いたみカレー1 で、ひと口。ん、なんてことねぇなと思った。しかしその刹那、じわじわと込み上げてくる激しくホットなテイスト。辛い、たしかに辛い。というよりは、たしかにこれはちょいと痛い。何口か運べば、ホットと書いたがむしろ冷たいような痛みが走る。添え物のマーマレードに手をのばし、口にひと含み。おお、なかなか。ちょっとなめすぎてたか。
 さらに食い続けると、涙がほんのりわいてきた。最近辛いものをあまり食していなかったせいもあろうか、耐性が下がっていて、やたらと痛い。
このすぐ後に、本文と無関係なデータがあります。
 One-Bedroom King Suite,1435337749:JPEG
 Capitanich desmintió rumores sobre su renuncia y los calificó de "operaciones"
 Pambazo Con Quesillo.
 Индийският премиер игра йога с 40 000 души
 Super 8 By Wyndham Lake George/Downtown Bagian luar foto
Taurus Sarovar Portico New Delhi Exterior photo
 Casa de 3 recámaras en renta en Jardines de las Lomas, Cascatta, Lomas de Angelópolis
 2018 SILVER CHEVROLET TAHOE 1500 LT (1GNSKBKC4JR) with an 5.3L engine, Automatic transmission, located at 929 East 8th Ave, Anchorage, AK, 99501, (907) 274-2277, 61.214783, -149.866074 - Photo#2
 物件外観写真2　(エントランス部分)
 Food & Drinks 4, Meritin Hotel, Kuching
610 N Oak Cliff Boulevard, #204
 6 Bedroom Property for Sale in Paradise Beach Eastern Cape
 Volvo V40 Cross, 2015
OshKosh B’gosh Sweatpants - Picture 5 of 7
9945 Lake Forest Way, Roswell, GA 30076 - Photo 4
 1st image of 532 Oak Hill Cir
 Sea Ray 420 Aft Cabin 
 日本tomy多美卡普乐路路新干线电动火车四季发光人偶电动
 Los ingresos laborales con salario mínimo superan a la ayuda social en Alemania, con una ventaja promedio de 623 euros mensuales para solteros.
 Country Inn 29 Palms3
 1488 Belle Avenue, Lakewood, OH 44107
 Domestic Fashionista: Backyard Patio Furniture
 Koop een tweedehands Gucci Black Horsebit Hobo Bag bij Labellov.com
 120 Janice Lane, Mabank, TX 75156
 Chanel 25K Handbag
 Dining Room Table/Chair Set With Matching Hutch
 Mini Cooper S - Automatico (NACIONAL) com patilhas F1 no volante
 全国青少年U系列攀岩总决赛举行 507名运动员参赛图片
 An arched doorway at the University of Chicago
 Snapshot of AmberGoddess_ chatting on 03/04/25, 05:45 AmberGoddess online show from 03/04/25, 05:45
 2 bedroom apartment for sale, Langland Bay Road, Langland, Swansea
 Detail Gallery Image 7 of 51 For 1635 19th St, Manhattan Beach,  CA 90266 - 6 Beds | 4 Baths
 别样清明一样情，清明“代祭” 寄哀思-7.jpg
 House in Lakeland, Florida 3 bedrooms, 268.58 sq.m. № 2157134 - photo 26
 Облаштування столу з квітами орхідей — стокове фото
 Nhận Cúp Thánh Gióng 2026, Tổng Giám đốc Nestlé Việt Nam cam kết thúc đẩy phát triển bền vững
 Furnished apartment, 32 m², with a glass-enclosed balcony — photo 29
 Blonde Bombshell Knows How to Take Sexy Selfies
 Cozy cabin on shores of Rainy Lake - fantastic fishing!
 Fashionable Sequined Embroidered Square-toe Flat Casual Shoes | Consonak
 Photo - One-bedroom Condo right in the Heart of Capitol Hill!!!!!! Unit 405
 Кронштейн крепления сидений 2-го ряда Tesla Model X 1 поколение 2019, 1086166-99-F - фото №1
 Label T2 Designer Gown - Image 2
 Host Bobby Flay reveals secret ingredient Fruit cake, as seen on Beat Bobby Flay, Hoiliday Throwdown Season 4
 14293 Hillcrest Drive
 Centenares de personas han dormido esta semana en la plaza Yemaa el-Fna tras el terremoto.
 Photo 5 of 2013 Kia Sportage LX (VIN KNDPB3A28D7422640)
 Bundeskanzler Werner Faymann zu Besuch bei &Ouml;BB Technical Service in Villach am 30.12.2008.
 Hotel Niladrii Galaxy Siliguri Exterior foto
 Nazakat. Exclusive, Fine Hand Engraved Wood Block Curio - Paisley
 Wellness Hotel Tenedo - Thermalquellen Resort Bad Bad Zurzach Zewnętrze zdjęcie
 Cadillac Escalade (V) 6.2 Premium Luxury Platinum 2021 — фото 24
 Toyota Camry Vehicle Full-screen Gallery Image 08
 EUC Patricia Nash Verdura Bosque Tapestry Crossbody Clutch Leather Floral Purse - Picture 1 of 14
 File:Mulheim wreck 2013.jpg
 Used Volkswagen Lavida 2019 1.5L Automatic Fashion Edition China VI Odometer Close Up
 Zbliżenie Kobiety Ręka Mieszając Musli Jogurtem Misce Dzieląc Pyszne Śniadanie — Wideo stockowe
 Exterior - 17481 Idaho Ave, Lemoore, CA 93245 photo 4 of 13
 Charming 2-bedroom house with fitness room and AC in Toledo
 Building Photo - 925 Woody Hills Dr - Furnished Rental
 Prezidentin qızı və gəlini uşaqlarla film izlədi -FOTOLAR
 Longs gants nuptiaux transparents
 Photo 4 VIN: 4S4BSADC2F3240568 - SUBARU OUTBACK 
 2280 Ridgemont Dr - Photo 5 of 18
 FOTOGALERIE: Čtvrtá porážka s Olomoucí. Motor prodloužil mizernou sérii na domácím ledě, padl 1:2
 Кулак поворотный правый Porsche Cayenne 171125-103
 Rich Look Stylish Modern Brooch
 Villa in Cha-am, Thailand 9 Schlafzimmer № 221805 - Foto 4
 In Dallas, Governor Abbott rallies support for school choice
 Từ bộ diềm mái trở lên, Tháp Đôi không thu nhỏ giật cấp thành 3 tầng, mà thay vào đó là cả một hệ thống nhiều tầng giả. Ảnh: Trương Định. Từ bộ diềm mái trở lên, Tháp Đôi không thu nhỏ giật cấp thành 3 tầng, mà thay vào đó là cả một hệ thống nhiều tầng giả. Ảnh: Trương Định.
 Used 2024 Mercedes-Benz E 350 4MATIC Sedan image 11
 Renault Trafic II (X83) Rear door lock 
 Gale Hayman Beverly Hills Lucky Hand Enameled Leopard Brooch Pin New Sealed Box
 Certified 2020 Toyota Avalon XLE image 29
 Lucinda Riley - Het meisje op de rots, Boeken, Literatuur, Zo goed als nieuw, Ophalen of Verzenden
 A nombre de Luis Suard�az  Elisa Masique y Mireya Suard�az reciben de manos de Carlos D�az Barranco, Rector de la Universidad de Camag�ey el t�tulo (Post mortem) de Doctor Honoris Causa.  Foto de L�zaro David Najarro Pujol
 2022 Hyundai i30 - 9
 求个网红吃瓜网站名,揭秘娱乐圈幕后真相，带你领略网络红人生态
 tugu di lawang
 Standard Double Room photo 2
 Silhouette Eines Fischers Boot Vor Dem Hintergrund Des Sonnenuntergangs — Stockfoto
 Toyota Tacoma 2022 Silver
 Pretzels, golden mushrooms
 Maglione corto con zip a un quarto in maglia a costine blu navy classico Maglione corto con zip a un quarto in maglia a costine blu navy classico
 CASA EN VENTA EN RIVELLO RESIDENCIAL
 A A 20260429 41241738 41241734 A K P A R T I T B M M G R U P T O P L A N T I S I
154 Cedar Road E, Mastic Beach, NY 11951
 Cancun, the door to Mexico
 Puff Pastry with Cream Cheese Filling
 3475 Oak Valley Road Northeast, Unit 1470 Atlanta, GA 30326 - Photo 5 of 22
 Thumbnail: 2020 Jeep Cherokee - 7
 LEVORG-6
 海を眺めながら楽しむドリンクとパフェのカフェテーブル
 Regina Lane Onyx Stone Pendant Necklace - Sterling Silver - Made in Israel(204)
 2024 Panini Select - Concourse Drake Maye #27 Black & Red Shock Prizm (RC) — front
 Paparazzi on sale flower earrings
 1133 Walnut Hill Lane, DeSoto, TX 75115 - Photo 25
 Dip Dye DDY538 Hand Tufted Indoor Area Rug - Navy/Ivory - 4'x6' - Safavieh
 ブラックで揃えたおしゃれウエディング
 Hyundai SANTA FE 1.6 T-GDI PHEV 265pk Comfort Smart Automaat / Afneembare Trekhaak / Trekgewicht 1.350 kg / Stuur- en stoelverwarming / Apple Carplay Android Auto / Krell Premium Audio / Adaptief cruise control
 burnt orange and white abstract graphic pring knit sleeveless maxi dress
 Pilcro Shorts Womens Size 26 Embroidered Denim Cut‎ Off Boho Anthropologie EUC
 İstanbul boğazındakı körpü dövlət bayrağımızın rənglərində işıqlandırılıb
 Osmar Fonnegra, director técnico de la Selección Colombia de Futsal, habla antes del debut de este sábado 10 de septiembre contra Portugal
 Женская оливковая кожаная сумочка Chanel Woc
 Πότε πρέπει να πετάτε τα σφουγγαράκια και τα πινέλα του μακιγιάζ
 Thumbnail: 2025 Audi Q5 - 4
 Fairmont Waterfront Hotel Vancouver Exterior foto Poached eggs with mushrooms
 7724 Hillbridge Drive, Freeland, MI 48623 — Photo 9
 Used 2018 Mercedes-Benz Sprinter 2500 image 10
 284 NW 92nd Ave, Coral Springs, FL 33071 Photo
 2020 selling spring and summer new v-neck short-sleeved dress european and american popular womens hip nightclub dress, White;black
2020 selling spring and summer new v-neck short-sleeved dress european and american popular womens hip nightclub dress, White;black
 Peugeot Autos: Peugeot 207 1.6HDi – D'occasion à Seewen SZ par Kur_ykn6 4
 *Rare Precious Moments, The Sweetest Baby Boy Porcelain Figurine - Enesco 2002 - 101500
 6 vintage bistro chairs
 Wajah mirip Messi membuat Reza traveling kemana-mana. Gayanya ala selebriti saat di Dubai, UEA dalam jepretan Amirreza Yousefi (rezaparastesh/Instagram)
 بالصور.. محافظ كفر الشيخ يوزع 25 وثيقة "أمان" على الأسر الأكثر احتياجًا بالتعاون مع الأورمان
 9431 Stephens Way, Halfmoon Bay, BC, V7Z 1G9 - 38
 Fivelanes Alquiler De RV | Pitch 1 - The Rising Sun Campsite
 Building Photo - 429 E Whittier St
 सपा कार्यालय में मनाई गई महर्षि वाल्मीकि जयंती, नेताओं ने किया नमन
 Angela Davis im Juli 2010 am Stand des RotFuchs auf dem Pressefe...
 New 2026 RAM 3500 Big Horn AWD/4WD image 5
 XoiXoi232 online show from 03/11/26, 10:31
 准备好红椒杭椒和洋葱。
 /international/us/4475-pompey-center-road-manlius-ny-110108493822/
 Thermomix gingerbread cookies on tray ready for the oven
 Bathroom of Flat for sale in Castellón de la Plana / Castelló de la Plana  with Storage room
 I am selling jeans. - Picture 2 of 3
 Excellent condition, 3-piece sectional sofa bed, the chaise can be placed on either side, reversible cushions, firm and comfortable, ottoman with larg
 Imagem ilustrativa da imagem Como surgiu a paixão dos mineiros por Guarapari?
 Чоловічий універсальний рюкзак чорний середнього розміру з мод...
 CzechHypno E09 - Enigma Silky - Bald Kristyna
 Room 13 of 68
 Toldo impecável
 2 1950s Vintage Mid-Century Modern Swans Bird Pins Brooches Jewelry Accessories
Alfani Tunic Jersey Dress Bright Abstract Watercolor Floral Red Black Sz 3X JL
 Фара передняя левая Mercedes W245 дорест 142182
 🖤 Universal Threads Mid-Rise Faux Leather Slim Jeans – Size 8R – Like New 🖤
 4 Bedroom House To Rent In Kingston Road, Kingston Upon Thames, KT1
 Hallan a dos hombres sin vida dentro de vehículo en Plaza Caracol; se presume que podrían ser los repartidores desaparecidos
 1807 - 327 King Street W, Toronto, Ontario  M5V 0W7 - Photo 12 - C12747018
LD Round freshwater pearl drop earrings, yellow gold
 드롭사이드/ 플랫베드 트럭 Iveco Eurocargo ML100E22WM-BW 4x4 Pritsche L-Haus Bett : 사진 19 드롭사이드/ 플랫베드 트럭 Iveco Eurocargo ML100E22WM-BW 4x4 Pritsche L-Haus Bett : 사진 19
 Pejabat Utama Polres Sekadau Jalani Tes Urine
たぶんいわゆる辛い食い物のカテゴリーからすればさほどのレベルではないと思うのだが、やっぱり辛い。平静を装いつつ、マーマレードを舐め舐め、涙を何度もふきながら、ようやく食べ終えた。
 空港といえば当たりさわりのない食い物が多いけれど、「いたみカレー」は空港の食い物としては珍しく、それなりに刺激的であった。伊丹空港においでの方、一度お試しのほどを。